* _WHAT YOU HAVE TO DO_
Among the entries below, which lines run from the line with "VTG Ralph Lauren" through the line with "hero doing bench press sticker"? Retype those, both ends included, exactly and without pictures.

* _DATASET EXCERPTS_
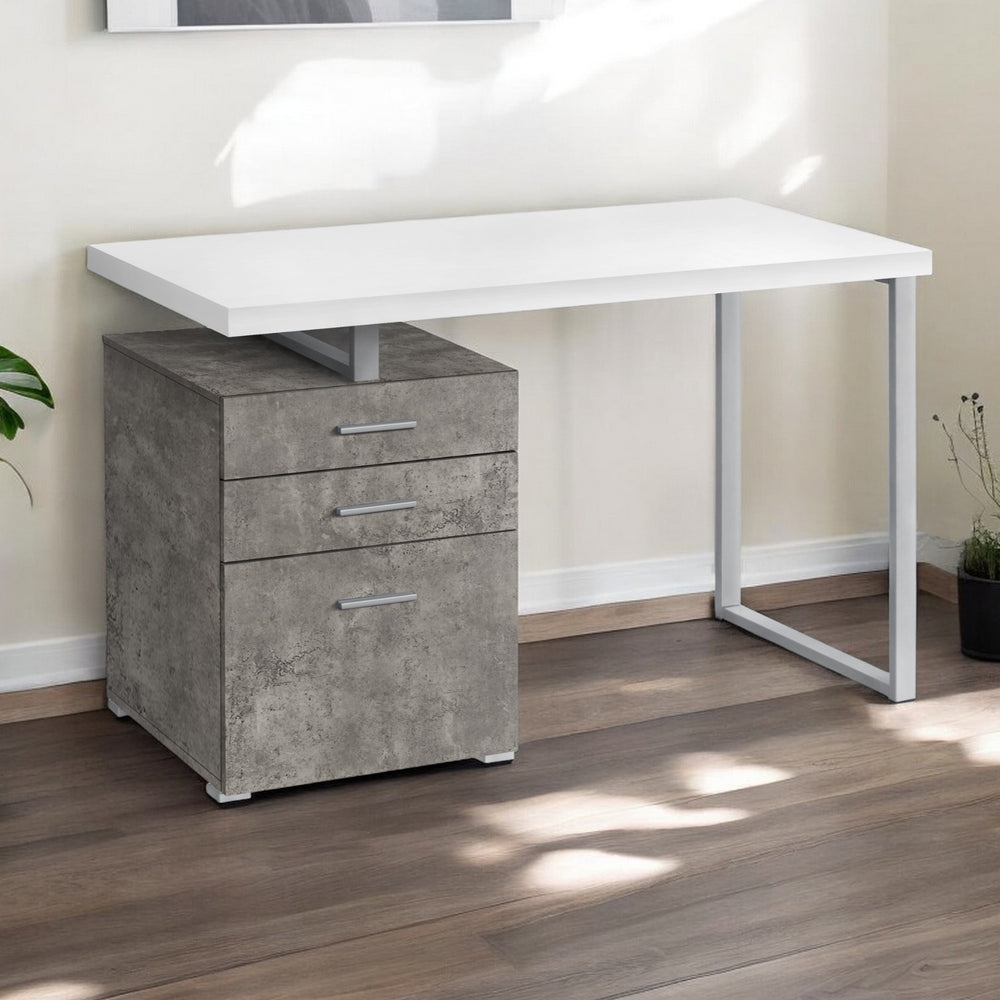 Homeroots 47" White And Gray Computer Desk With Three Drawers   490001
==
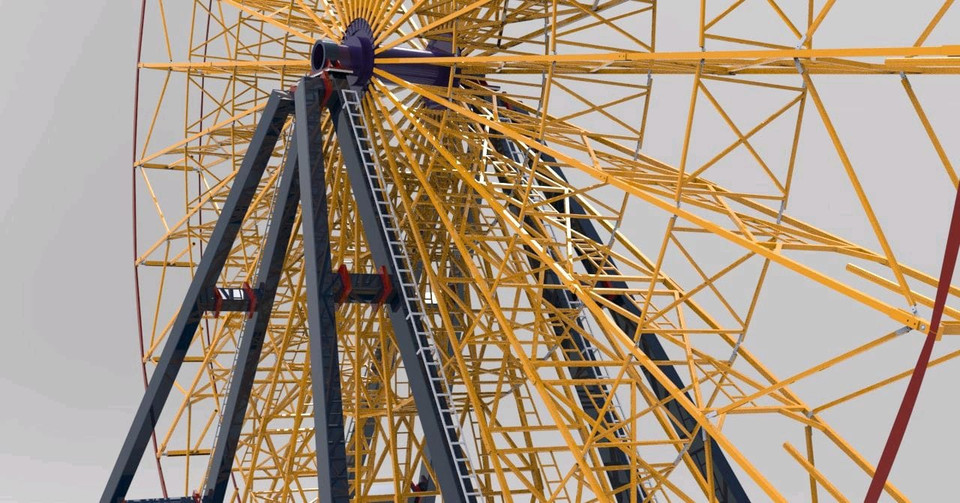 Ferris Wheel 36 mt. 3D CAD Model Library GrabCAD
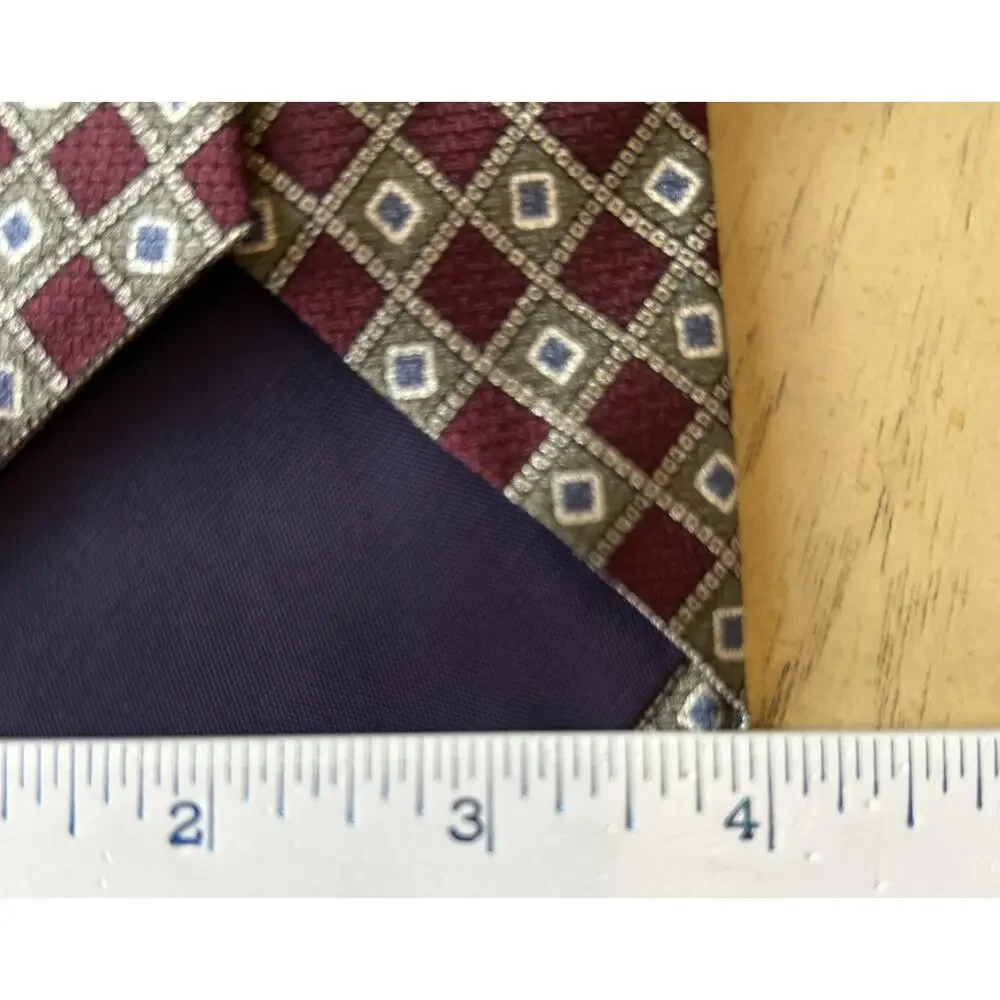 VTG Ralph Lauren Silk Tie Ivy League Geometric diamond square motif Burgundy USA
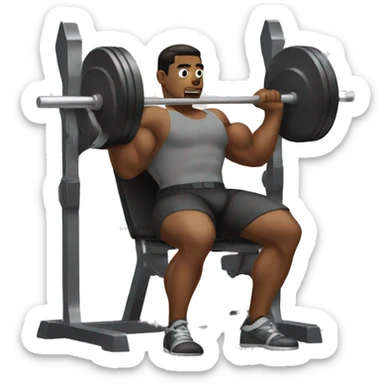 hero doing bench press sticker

* _THE COMPLETED TASK_
 VTG Ralph Lauren Silk Tie Ivy League Geometric diamond square motif Burgundy USA
 hero doing bench press sticker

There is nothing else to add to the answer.